Review – Mutual A-Gender
Mutual A-Gender is a showcase in two parts – “Milkshake” by Sarah Ling, and “Gay by Nature” by Nick Walters, both of which explore gender and the nature of its representation – and performance – in society.
“Milkshake” was shown as a video production, which felt like a bit of a cheat for a Fringe performance, but one in which Ling cleverly juxtaposes the hyper-sexuality of modern club dancing with Victorian peep-show nudity (and its comparative innocence) and dance for the sake of the silly fun of it (to Kanye West’s “Monster”, of all things). I was a little mystified by the use of Kanye’s “Black Skinhead” in the piece, though – it’s a track that comes saturated in its own politics, and it looms larger in Ling’s work than the collage she puts to it.

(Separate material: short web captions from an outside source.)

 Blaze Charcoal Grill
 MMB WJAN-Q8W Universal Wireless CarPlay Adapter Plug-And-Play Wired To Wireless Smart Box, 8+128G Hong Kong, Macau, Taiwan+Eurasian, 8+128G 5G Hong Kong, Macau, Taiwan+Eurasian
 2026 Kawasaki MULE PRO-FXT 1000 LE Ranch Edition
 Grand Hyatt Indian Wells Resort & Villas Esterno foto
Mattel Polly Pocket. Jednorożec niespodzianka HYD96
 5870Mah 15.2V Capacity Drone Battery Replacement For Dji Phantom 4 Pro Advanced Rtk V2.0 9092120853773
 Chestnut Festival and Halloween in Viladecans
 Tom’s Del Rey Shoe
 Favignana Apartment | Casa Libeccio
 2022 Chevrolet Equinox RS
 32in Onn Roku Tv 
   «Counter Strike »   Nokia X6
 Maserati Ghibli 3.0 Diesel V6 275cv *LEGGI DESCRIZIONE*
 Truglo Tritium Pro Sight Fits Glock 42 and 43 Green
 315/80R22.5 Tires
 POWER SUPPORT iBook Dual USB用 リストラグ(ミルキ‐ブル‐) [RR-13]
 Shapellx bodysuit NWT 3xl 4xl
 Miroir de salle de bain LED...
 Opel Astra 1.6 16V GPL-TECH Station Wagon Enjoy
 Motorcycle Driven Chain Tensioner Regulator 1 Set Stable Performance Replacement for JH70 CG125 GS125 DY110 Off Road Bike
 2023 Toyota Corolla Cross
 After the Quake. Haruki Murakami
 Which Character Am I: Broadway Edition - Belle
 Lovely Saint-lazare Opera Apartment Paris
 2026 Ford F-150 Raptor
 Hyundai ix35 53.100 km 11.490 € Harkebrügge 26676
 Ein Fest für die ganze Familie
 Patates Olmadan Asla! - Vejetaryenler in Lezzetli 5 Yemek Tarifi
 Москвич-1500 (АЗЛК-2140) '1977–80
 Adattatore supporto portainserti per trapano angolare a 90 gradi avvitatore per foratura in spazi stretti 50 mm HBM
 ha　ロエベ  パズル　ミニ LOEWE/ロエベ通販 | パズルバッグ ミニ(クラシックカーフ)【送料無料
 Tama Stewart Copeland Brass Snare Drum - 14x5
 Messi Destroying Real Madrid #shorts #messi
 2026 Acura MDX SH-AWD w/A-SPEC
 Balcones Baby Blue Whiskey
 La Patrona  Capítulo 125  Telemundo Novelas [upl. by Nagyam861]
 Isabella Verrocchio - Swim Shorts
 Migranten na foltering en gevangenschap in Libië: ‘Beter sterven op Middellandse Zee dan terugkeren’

“Gay by Nature” was substantially more promising. It opens with a video loop of a boy, suspended by his feet, twisting in discomfort. It’s a slow, torturous and unsettling start, furnished with brooding instrumentals that make the scene positively Lynchian in tone. Walters then emerges and, underneath the screen and hidden in shadow, performs rhythmic bench presses to the boy’s contortions.
If you’re going to channel Lynch, you need to have a sense of humour about yourself; luckily, Walters understands this, and his performance is darkly hilarious. When the stage lights come up we see him as the picture of heightened masculinity – dressed as batman and with a comically impressive six-pack – which he then discards to perform his gender in several other exaggerated forms. Here he uses screen images and live dance towards a show which comes across as one gleeful snark against anyone who would judge him by his gender or sexuality.
Fun, contemplative and loud, Mutual A-Gender provides an interesting mixture of dance and contemporary art. And while “Milkshake”, for its lack of any live component, might have worked better as a part of a gallery exhibition than a live show, Nick Walter’s honest and energetic performance makes it all worth seeing.